The liquid injection apparatus according to claim 19, wherein
the one end exposed to the liquid injection space of the liquid ejection nozzle provides a liquid injection opening on the undersurface of the injection unit, the one end of the air nozzle providing a gas injection opening on the undersurface of the injection unit.
The liquid injection apparatus according to claim 20, wherein
the injection unit comprises a plurality of the liquid injection openings and a plurality of the gas injection openings, the liquid injection openings and the gas injection openings being alternately arranged.
The liquid injection apparatus according to any one of claims 19 to 21, further comprising:

injection control means for starting gas injection via the air nozzle before the start of liquid injection via the liquid ejection nozzle, and for stopping the gas injection via the air nozzle after ending of the liquid injection via the liquid ejection nozzle.
The liquid injection apparatus according to any one of claims 19 to 22, wherein
the injection unit comprises an air current direction control wall for controlling the direction of gas injection by way of the air nozzle.
The liquid injection apparatus according to claim 23, wherein
one end of the air nozzle is disposed between one end of the liquid ejection nozzle and the air current direction control wall.
The liquid injection apparatus according to any one of claims 19 to 24, wherein
the liquid ejection nozzle and the air nozzle inject respectively liquid and gas in parallel with each other.
The liquid injection apparatus according to any one of claims 19 to 25, wherein
the velocity of the injected liquid is lower than the velocity of the injected gas.

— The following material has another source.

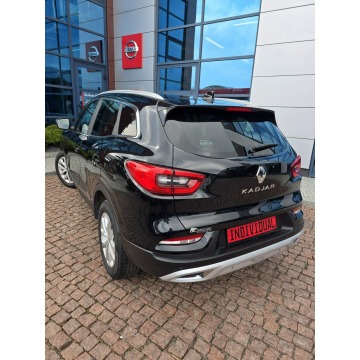 Renault Kadjar  SUV 2019,  1.5 diesel - Na sprzedaż za 58 000 zł - Lelice - zdjęcie 7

A method of adjusting the resonance frequency of an injection unit in a liquid injection apparatus, the liquid injection apparatus having
an injection unit including a liquid ejection nozzle one end of which is exposed to a liquid injection space, a chamber communicating with the other end of the liquid ejection nozzle and one end of a first liquid supply pipe, a lower electrode formed on a wall surface of the chamber, an upper electrode formed opposite to the lower electrode, and a piezoelectric/electrostrictive element formed between the lower electrode and the upper electrode,
drive voltage generating means for providing a drive voltage signal having a predetermined frequency across the upper electrode and the lower electrode to thereby give an electric field to the piezoelectric/electrostrictive element, for causing vibration of the wall of the chamber by actuating the piezoelectric/electrostrictive element, and
pressurizing means having an ejection section to which is connected the other end of the first liquid supply pipe and also having an introduction section communicating with a liquid storage tank, for pressurizing liquid in the liquid storage tank introduced from the introduction section to eject the liquid from the ejection section, to thereby inject the liquid into the liquid injection space via the liquid ejection nozzle of the injection unit,
wherein liquid injected from the liquid ejection nozzle is atomized by the operation of the piezoelectric/electrostrictive element,
characterized in that trimming part of the upper electrode to change a region of the piezoelectric/electrostrictive element to which the electric field is applied by the upper electrode and the lower electrode, and thereby adjusting the resonance frequency of the injection unit to be substantially equal to a frequency in the vicinity of the frequency of the drive voltage signal.